20 Replies to “Lying Tweets”

  1. It was, Tawna. The whole "oh, even Donald Mass isn't real and you'll never get an agent anyway" approach just left me fuming.

  2. There are lots and lots of kinds of presses out there, and many routes to a success than can be defined many ways, so I hate to see people making these One True Path pronouncements. It's good to be able to take enough time to listen to more than one person, and then consider all the comments rather than just the ones that fit into a particular worldview.

  3. That's a good way to put it, Ann Marie. the "One True Path" preachers nearly always have ulterior motives. You're right – the key is listen to lots of people and make considered decisions.

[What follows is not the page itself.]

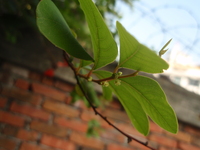 白飯樹花小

  4. Those are great points to make, Jeffe. When I had dinner with the family this week to celebrate being published, my 19-year-old nephew asked me if the publisher was legit. I was glad he asked because it is a very valid question. Before I even sent my submission to Siren, I did a lot of research on the various publishers out there and thought they would fit my stories well. You can't just grab whatever's out there because you will be burnt. Trust me, I know. I have orphaned author syndrome and the person I went with was with a very respected agency. Don't take anything at face value. Research, ask questions of people published/represented before making big decisions.

  5. Wow. Interesting. Always be wary of people who speak in absolutes, and profess to know all the answers. Best to look deeper, and see what's in for them.

  6. Thanks for your input, Danica – your story is a good cautionary tale. That's the best part of our community – you *can* find people to ask and people will share with you.

    That's right, Linda – always good advice.

    Thanks, Lisa! I'm already following your blog, missy, though it looks like you haven't posted in a while…

  7. Heh – always happy to be used as a successful example. 🙂 I definitely have no platform (or not much of one), and as far as I know that wasn't a factor as far as the contracts went. I sold on voice (and with a fair amount of luck).

    And I agree one hundred percent on all your points Jeffe. I missed the big bru-ha-ha on Twitter, but I would have chimed in if I'd seen it. I really dislike it when people deal in absolutes, because there aren't any – and everyone's definition of success differs.

  8. Victoria Strauss from Writer Beware here–I'd love to know who "eTom" is (in total confidence). Please contact me at Thanks! And thanks for making such good points in this post.

  9. That's a good point, Allison – every definition of success differs. Makes it even more important that it's our own definition.

    Interesting to know you're not surprised, Victoria. I'll have to watch Writer Beware to see what you put up. Thanks for your terrific service to the writing community!

  10. Great post, Jeffe. So important to remember that just because somebody is an agent, or an editor, it doesn't mean that they know everything. I would suggest that everybody has an agenda, and some of those agendas are not in the best interest of the writer. I think a lot of writers put publishing peeps on a pedestal, and everything they say becomes gospel truth. In reality, publishing professionals are fallible human beings just like the rest of us. Part of our job as writers is to do the research – and see where those opinions are coming from.

  11. Thanks Kerry! I think that's exactly right – do the research, learn the agendas. If they match, party on. If not…

  12. I don't know if I'll blog–not enough info–but I did post in the appropriate thread at Absolute Write (which I won't link to publicly in order to preserve everyone's anonymity, but anyone who wants a link can email me).

    BTW, that press that the epublisher is an imprint of? It has put out a grand total of 2 books, both with 2005 pub dates. So, not so established after all.

  13. It was actually a pretty laid back, if opinionated on one side, conversation. I was sad that some people took this information as gospel.

    Always research information you get. Even established, reputable agents disagree on some things, but you can find out when it's completely off the mark.

    Tip: Coors Light makes conversing with some people more interesting.